2- Apoio no Congresso será condição para obter cargos, diz Mercadante
Derrotado com o desfecho da disputa para a presidência da Câmara, o governo trabalha para reconstruir a base parlamentar. Depois de lotear o ministério entre os diversos partidos, os cargos de 2º escalão são a bola da vez.
O preço da governabilidade é a distribuição de cargos. Ou seja, o Congresso não funciona a partir da discussão de projetos à luz dos interesses da sociedade, mas da “satisfação” dos parlamentares com cargos. Esse artifício tem nome: chantagem.

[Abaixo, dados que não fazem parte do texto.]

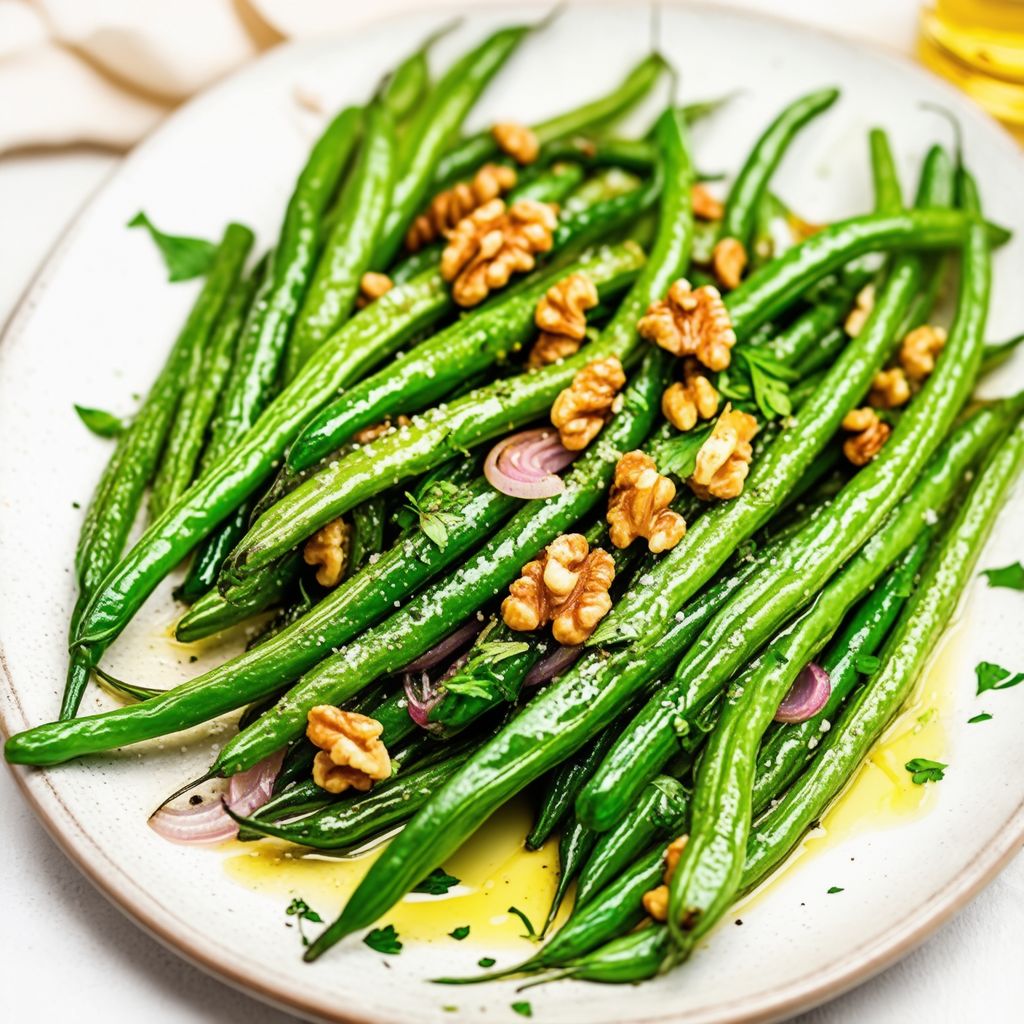 Garlic Roasted Green Beans with Toasted Nuts
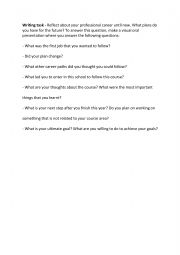 English Worksheet: Plans for the future - task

E o governo é refém desse procedimento para viabilizar a governabilidade.
O loteamento desses postos, que fazem interface do Estado com empresas privadas, cria as condições para o desvio de recursos para fins pessoais e eleitorais.
3- Ives Gandra Da Silva Martins: A hipótese de culpa para o impeachment
A Folha publica um artigo do renomado jurista nas hostes conservadoras Ives Gandra Da Silva Martins, professor emérito da Universidade Mackenzie, que defende a fundamentação jurídica para um pedido de impeachment da presidenta Dilma.
O tutor da Escola de Comando e Estado-Maior do Exército e da Escola Superior de Guerra apresenta uma interpretação da Constituição que abre margem para imputar culpa a Dilma por omissão, imperícia, negligência e imprudência no esquema de corrupção na Petrobras.
Martins registra também que o julgamento de um impeachment pelo Congresso é mais político que jurídico, dando como exemplo o caso do presidente Fernando Collor, que foi afastado, mas absolvido pela suprema corte.
As vísceras da política institucional estão à mostra. Depois da eleição de um parlamentar considerado um lobista das grandes empresas para a presidência da Câmara, a edição desta terça-feira da Folha desvela que esse sistema político é caracterizado pela infidelidade partidária e pelo loteamento de cargos do Estado para garantir a governabilidade.
No entanto, a saída para a crise que o jornal ensaia está na seção de artigos, com a discussão sobre a viabilidade jurídica para o impeachment da presidenta. A salvação para os agentes e cúmplices desse sistema político é jogar a responsabilidade da sua crise terminal no colo de Dilma.
Restará às forças democráticas mobilizar a sociedade diante de um quadro de crise institucional em torno de uma profunda reforma política, que será possível apenas com uma Constituinte Exclusiva e Soberana do Sistema Político.
A eleição de Cunha representa um escudo para o atual sistema político. Confiar ao Congresso a legitimidade de fazer uma profunda reforma política pode ter um desfecho bastante diferente do desejado por aqueles que querem sinceramente purificar o jogo institucional no país.